> **Records for processing**

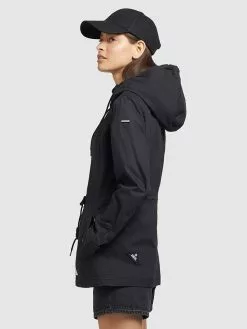 Khujo Übergangsjacke "Sesia" In Schwarz -WinterSchick Verkäufe khujo ubergangsjacke sesia in schwarz 3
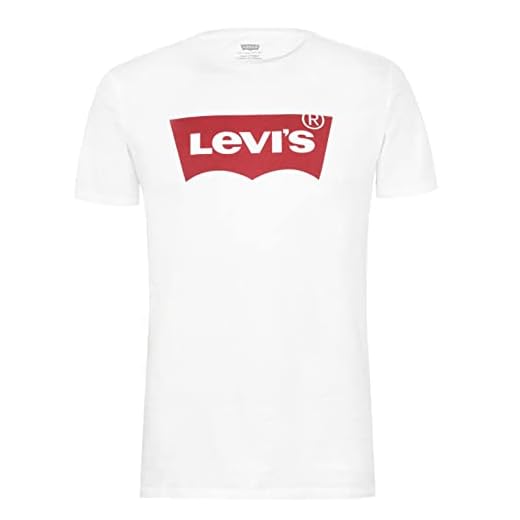 Levi's GRAPHIC SET-IN NECK, T-Shirt Homme, Blanc (C18978 GRAPHIC H215-HM WHITE GRAPHIC H215-HM 36.4), X-Large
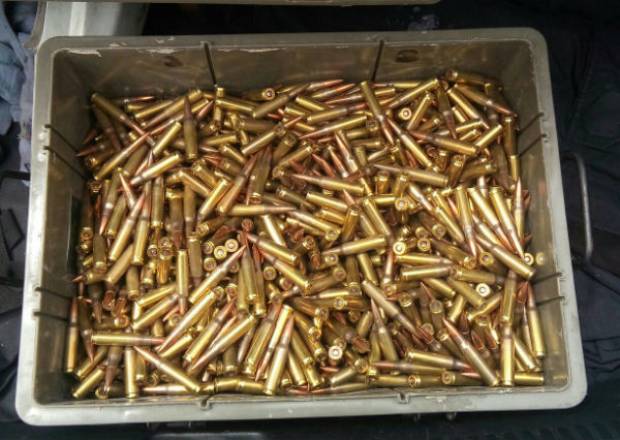 Aseguran más de mil 300 cartuchos para AK-47 en Xonacatepec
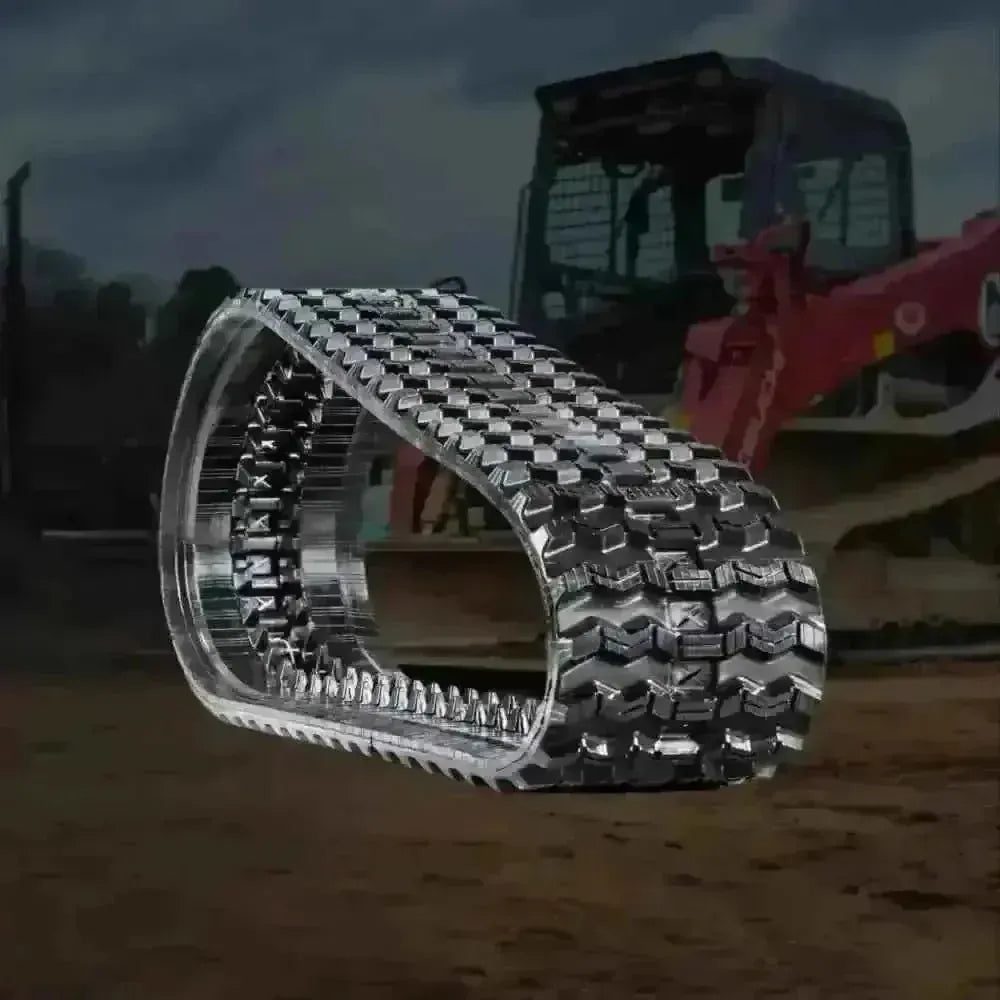 Takeuchi TL10 replacement track 450x100x48 tread pattern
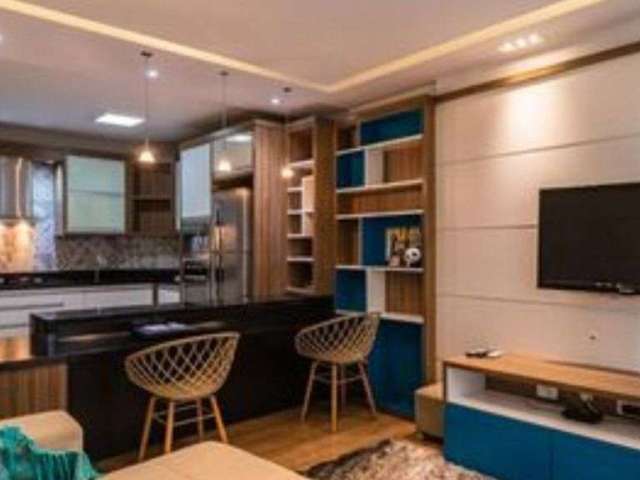 Flat com 1 dormitório à venda, 57 m² por R$ 620.000 - Alphaville Industrial - Barueri/SP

> **Task to carry out**
From the first line of the material down to the line containing "Takeuchi TL10 replacement", inclusive, return each line exactly, skipping any picture.

> **Solution to the problem**
 Khujo Übergangsjacke "Sesia" In Schwarz -WinterSchick Verkäufe khujo ubergangsjacke sesia in schwarz 3
 Levi's GRAPHIC SET-IN NECK, T-Shirt Homme, Blanc (C18978 GRAPHIC H215-HM WHITE GRAPHIC H215-HM 36.4), X-Large
 Aseguran más de mil 300 cartuchos para AK-47 en Xonacatepec
 Takeuchi TL10 replacement track 450x100x48 tread pattern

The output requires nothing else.